#### [Work required]
Where the line containing "daisy flower and leaves logo" appears, begin retyping; continue exactly through the final line of the data. Omit every picture.

#### [Available data]
==================================================
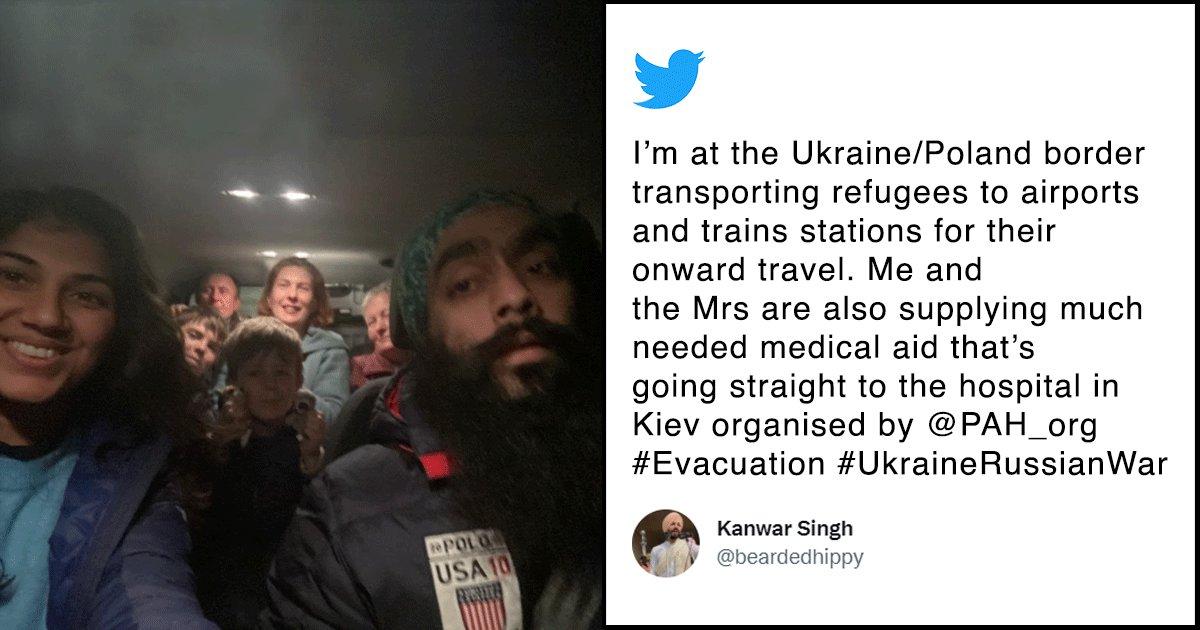 Sikh Couple Helping Out Refugees In War-Torn Ukraine Shows What Humanity Is All About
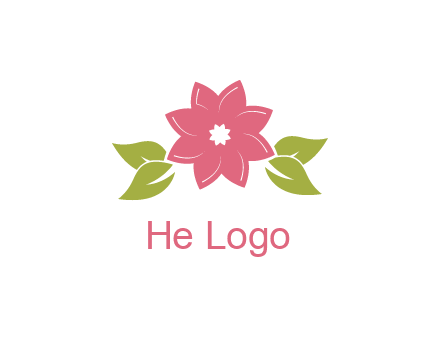 daisy flower and leaves logo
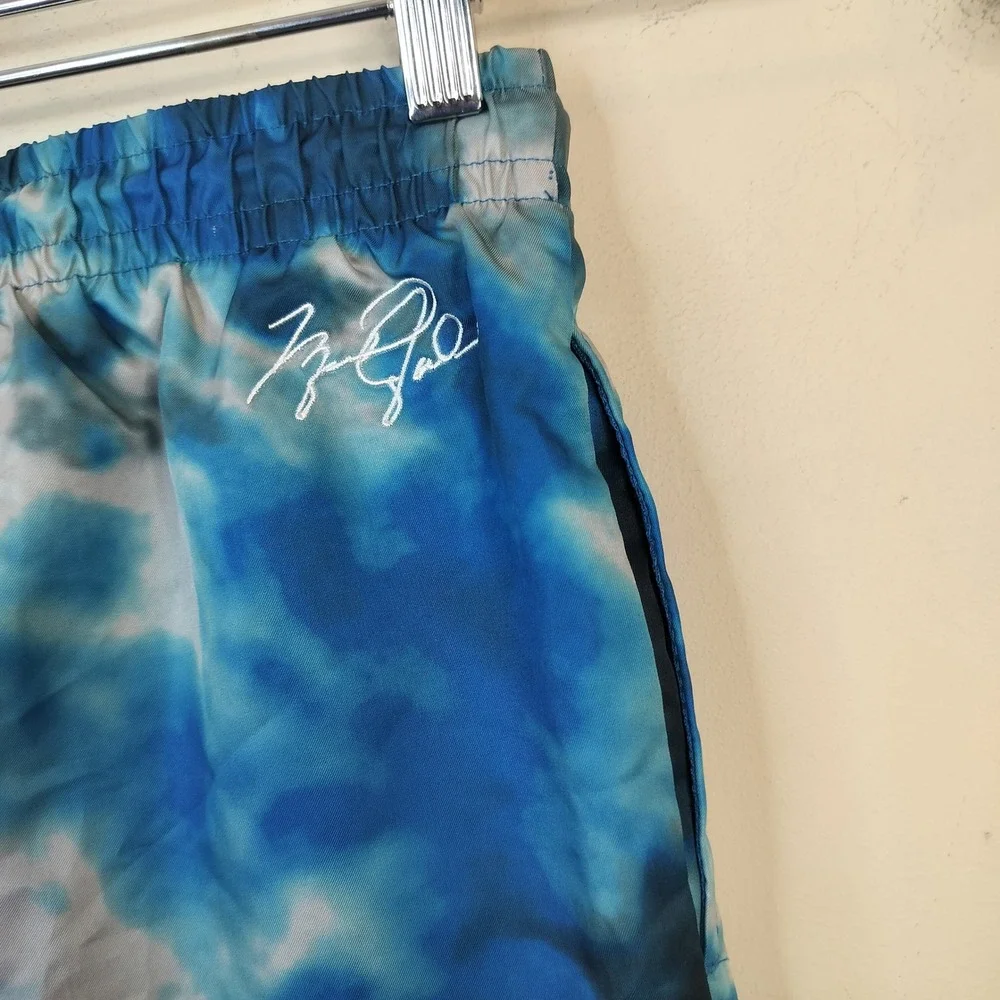 Air Jordan Swim Trunks Shorts Boys Medium 10-12 Tie Dye Blue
==================================================
#### [Answer to this problem]
 daisy flower and leaves logo
 Air Jordan Swim Trunks Shorts Boys Medium 10-12 Tie Dye Blue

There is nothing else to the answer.